07/01/04 Exotic Animals Trade
Animal Friends' first protest against selling of exotic animals in pet shops; we ask for ban of exotic animals trade!
As a result of growing trend of buying exotic animals as pets, and their popularization in media, Animal Friends warns about cruelty incorporated in exotic animals trade.
On Thursday, July 1, 2004, at noon, in front of Pet Center in Heinzelova 62, our activists will cage up an exotic animal, hold banners and hand out flyers. We ask public not to participate in inhuman exotic animal trade by not buying such animals and asking pet shop owners not to sell them.
Each year great number of people buys exotic animals as pets, such as tropical birds, reptiles (snakes and lizards), prairie dogs, fish, turtles, apes and alike. In pet shops those animals are kept in tiny, inappropriate and unhygienic conditions. Because of their high prices they can stay in pet shop for very long time awaiting for buyers. They are placed in narrow cages and terrariums which are too small and inappropriate for particular species and workers in pet shops are not educated well enough on specific needs of such animals.
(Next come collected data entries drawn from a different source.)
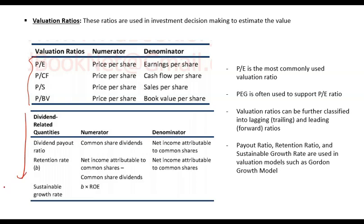Moving on, there are some other ratios that are used in valuation. Some valuation models use these ratios, which are dividend payout, retention, and sustainable growth rate.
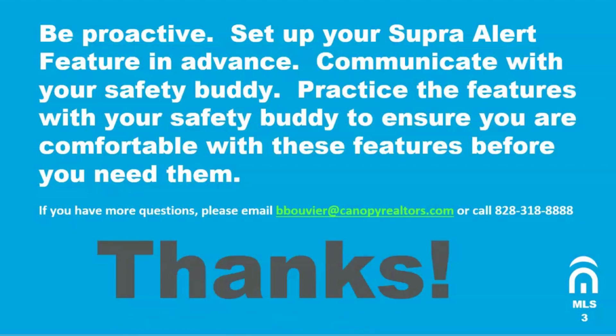Thanks again for joining me and if you have more questions please email bbouvier at canopyrealtors.com or call or text 828-318-8888.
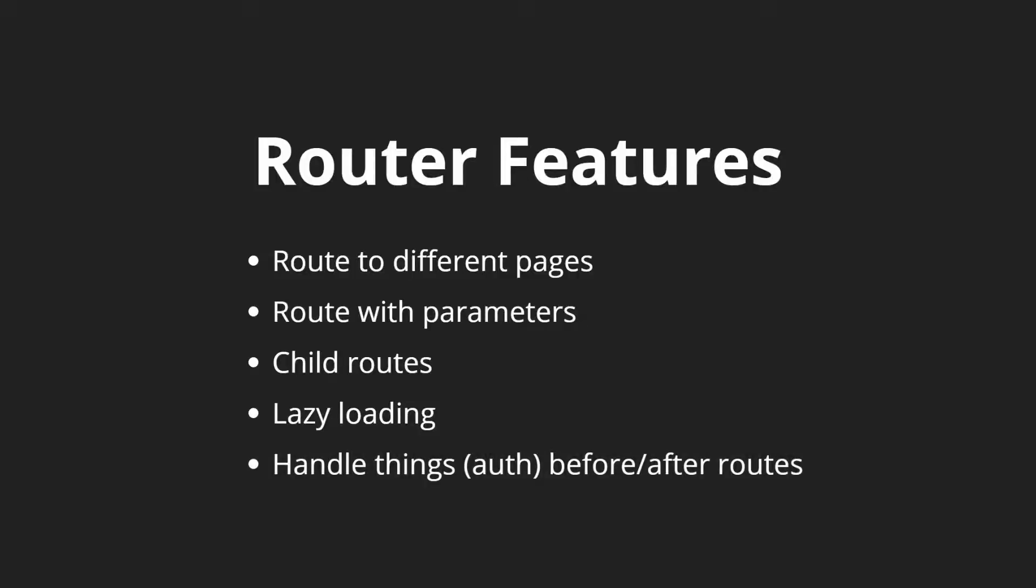The last thing the router can do for us is we can handle things like authentication before and after we get to a certain route. These are called guards in Angular 2, and you can think of these as middleware if you're coming from the Laravel or the node world. And we'll basically be using guards for authentication. We don't want people to go to a certain route if they can't see or have access to that certain route.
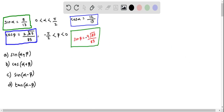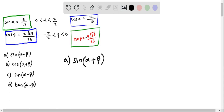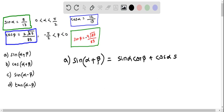Since sine of any angle is negative in the fourth quadrant, sine beta is negative 9 times root 85 over 85. Now let us determine part A, that is sine of alpha plus beta. We can expand this using the sum formula, giving: sine alpha cos beta plus cos alpha sine beta.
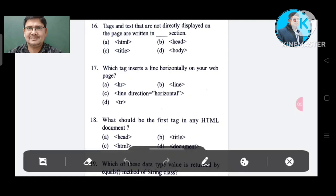Question number 16: Tags and text that are not directly displayed on the page are written in which section? Option A: HTML. Option B: head. Option C: title. Option D: body. The correct answer is Option B, head.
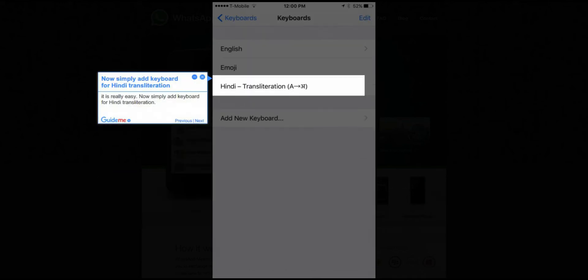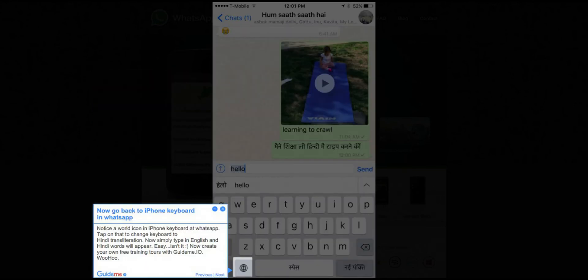Step 4: Now simply add a keyboard for Hindi transliteration. It is really easy. Now simply add the keyboard for Hindi transliteration.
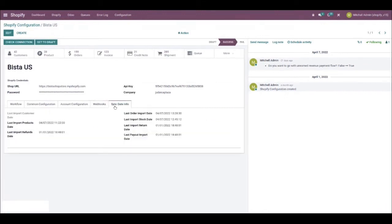Now when you click on the sync date info tab, you'll see some basic information like when last import products date was, when the last import refund date was, and more.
Animals don't belong in narrow cages, terrariums or aquariums, but in their natural surroundings.
Animal Friends will report pet shops which sell exotic animals in Zagreb to Veterinary inspection which will evaluate how (in)appropriate are the conditions of keeping and selling of those animal.
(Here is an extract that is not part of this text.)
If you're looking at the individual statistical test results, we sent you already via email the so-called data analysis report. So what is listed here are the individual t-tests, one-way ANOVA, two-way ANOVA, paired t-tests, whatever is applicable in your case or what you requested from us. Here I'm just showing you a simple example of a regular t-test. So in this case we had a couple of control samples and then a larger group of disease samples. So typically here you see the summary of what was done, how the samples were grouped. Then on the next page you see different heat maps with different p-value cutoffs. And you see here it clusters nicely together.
It is estimated that worldwide, often illegal, trade in exotic animals includes around 350 millions of live animals which worth over 20 billions of US dollars, what puts exotic animal trade in a third place of illegal trades, right after drugs trade and arms trade.
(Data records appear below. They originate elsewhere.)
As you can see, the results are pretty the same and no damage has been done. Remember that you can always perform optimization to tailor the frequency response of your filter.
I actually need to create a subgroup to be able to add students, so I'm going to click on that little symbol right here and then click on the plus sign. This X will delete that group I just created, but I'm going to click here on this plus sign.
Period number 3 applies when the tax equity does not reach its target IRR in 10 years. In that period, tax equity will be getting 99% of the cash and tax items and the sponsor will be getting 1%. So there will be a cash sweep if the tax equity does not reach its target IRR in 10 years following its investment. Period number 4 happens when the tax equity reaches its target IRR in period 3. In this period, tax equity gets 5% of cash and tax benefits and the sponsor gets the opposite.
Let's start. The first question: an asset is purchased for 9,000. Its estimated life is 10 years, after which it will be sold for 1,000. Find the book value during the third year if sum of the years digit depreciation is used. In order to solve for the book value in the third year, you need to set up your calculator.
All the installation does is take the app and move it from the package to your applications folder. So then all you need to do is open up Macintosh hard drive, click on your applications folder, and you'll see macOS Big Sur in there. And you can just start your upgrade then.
Taken from their natural environment, over 90% of animals end up injured: during hunt and transport, because of exposure to extreme heat and cold, shortage of food and water, overcrowded conditions in closed boxes and bags and they often suffer from infectious diseases. Before the ship transport, birds are often force-fed, their wings and beaks are tied, and they are pushed in narrow luggage. Stolen eggs of birds and lizards are hidden in specially made waistcoats. Lizards are being drugged and stuffed in containers with double bottoms. Baby turtles are tied in a way they are closed in their shells, wrapped in socks and stuffed in tubes, and baby pythons are stored in CD boxes.
Many pet shops sell exotic animals to inexperienced people, and provide inadequate and false information on the needs of the animal. Animals die because of inappropriate diet, unnatural and uncomfortable surrounding, loneliness and stress in captivity. Exotic animals can be carriers of dangerous infectious diseases, such as rabies, tuberculosis, hepatitis, leptospirosis, salmonella, and cause serious health problems to their owners. Most veterinarians in Croatia are not educated for making the diagnosis and treatment of exotic animals' illnesses.
In proposal for new Animal Welfare Act, made by our organization, which is expected to be discussed in parliament some time in September, Animal Friends asks for the ban of breeding, selling and keeping of animals that are on CITES's (Convention on International Trade in Endangered Species of Wild Fauna and Flora) list of exotic animals.
We think that the biggest efforts must be made in enforcement of legal bans and in education of border workers and others who professionally deal with this issue, and in introducing of inspectors' control on critical places of entry and exit of the country, what would make smuggling of animals less possible.
We must not allow that because of bad control and enforcement of laws Croatia becomes exotic animal trade paradise. When animals are taken away from natural surrounding, it effects entire populations and ecosystems. Instead of supporting inhumane exotic animal trade, we ask citizens to provide homes for abandoned animals placed in shelters.